Data collections

Introduction

This article introduces Data Collections, a feature that allows technical users to query arbitrary data from the system’s database and extract the results for further use. Rather than focusing on predefined outputs, Data Collections is built around flexible querying and reuse, making it suitable for analysis, investigation, supervision and integration scenarios.

Prerequisites:

M5159 - Novulo Dataverzamelingen

M7606 - Novulo Applicatielogs bij dataverzameling obv expressie (optional, but useful in order to save Application logs based on the Data Collections, and being able to pair it with Mail Subscriptions)

M6704 - Novulo Mailen van applicatielogs (optional, but useful in order to have email sent to specific email address when certain logs for the Data Collections are set)

To create a data collection

Go to Management → Data collections and press the ‘+’ button:

  • Insert a “Description”
  • Select a “Type”:
    • A Snapshot Data Collection captures a point-in-time view of the selected data, preserving the results exactly as they existed at the defined moment of interval
    • A Period Data Collection evaluates data over a calculated time window.

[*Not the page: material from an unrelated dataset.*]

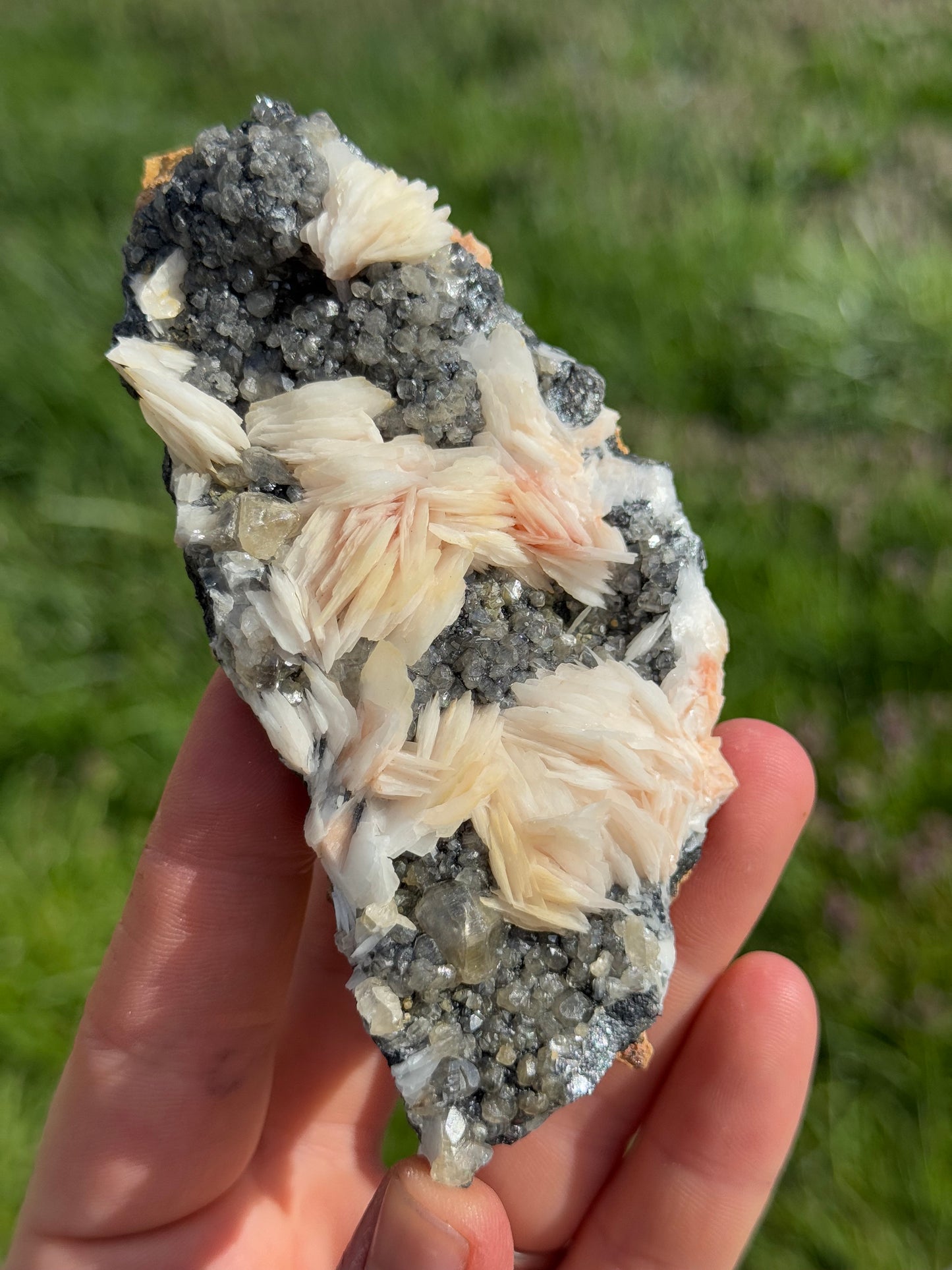 Cerussite, Barite,Galena Crystal Specimen, UV Reactive, Morocco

The window is defined by period_from and period_to, derived from the selected period (for example, daily, weekly, monthly, .. ) and its starting point.
  • Select a “Period”:
    • Manual means that the data are calculated when the data collection is run.
    • Daily, Weekly, … mean that you can filter your data based on a certain time-frame.

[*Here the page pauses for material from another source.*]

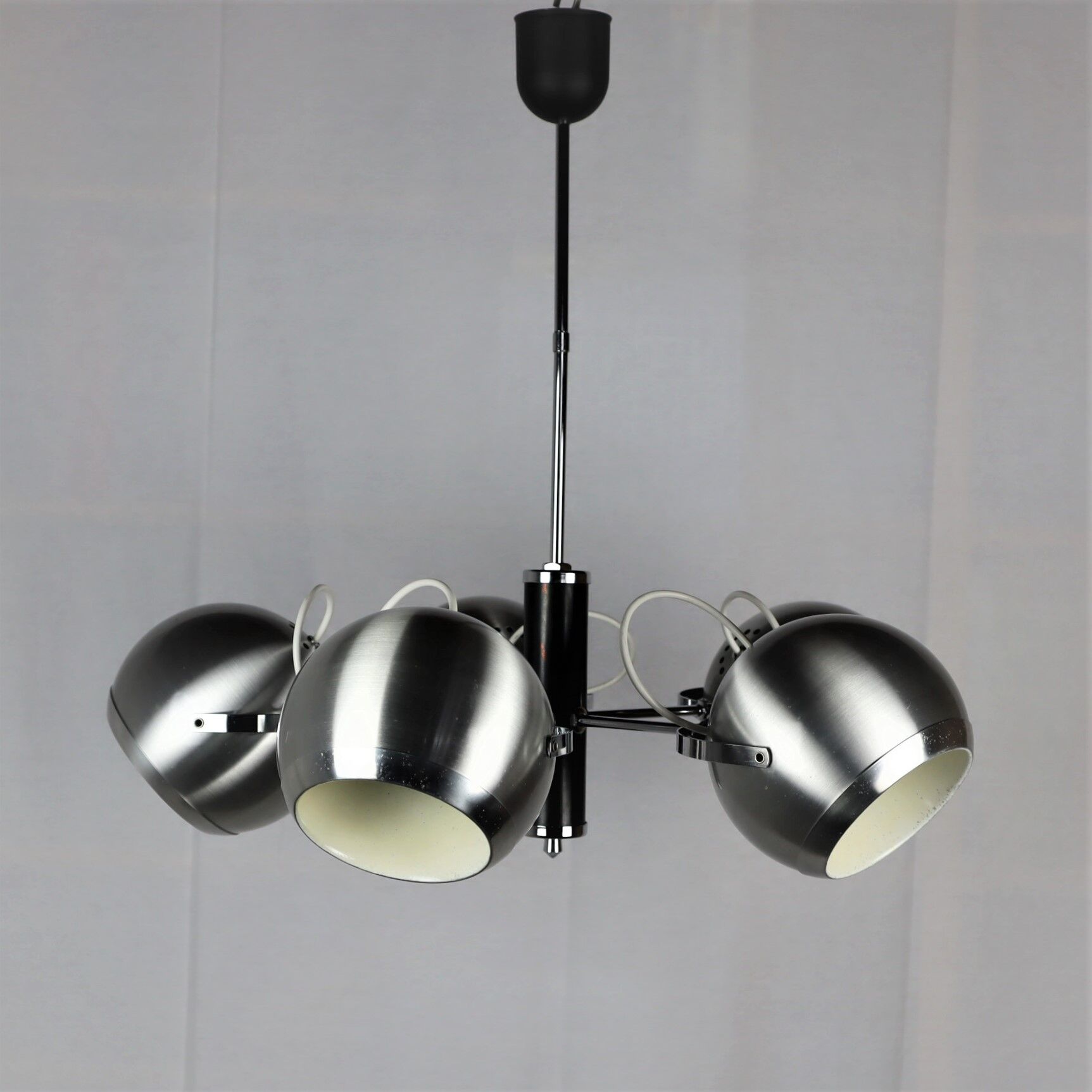 2 Vintage metal ball ceiling lamps 1960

In the data definition section is where the magic happens:

  • Cardinality specifies whether a Data Collection produces a single measurement or multiple measurements.
    • If set to Single, you can just enter your expression that will retrieve only a single measurement.
    • With Multiple cardinality, the Data Collection operates on a record set. The configured expressions are evaluated individually for each selected record, producing multiple results.

You can run data collections in 2 ways, by using a scheduled task or by using the UI manually

Running Data Collections - Manual

Generate creates the Data Collection sets according to the configured start date and interval. When a past start date is selected (for example, last year with a daily interval), multiple sets are created—one per interval—up to the current date, be careful of performance in this case. The expressions are not evaluated during this step.

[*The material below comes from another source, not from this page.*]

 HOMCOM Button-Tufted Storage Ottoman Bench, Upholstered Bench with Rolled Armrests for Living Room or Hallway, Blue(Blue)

Generate and process performs the same generation step and immediately executes the expressions for all generated sets.

Running Data Collections - Scheduled task

If you are not familiar with the scheduled task, you can read How to add a new scheduled task

After a Data Collection is created, automated processing can be configured through the scheduler by using the Process generate_sets_for_collectioncontrollercomponent_xxxxx task. This allows Data Collections to be generated and processed at a predefined interval.

In practice, these tasks are commonly scheduled during low-usage periods, such as after business hours (especially for heavy queries), but depending on your business case you could also schedule them to run every 10 minutes.

Reading the result

For a simple, snapshot and manual data collection that runs every 15 minutes, the result will look something like this, showing the result of the data collection already on the same line of the data collection set:

While with a multiple cardinality, the values will be nested per record as set up previously:

Data collection for monitoring

To use Data Collections for monitoring and notifications, component M7606 and M6704 are required. It allows log rules to be defined for Data Collections and enables notification via application logs and mail subscriptions.

When defining a Log rule, we can provide a level of criticality for that rule:

This will be recorded in the application log, and creating a mail subscription on the “Data collection logging” emails can be received when the result of the data collection is interesting for a reason or another.

To know more on how to subscribe for a mail service, you can read Subscribe for e mails on certain application logs

Hi Marco,

We tested this and all seems to work fine.

We have set this up in the task scheduler and would like the result by email so we created a mail subscription.

However we still need to manually press below button to receive the e-mail.

The process behind this button (Application log - send to subscribers) is produced.

Of course we can create another task to call this process 5 min after the datacollection task but we would prefer to have the e-mail sent right after the datacollections task.

Do we need to create a component with a process that runs these 2 processes and put that in the task scheduler or is there a better way?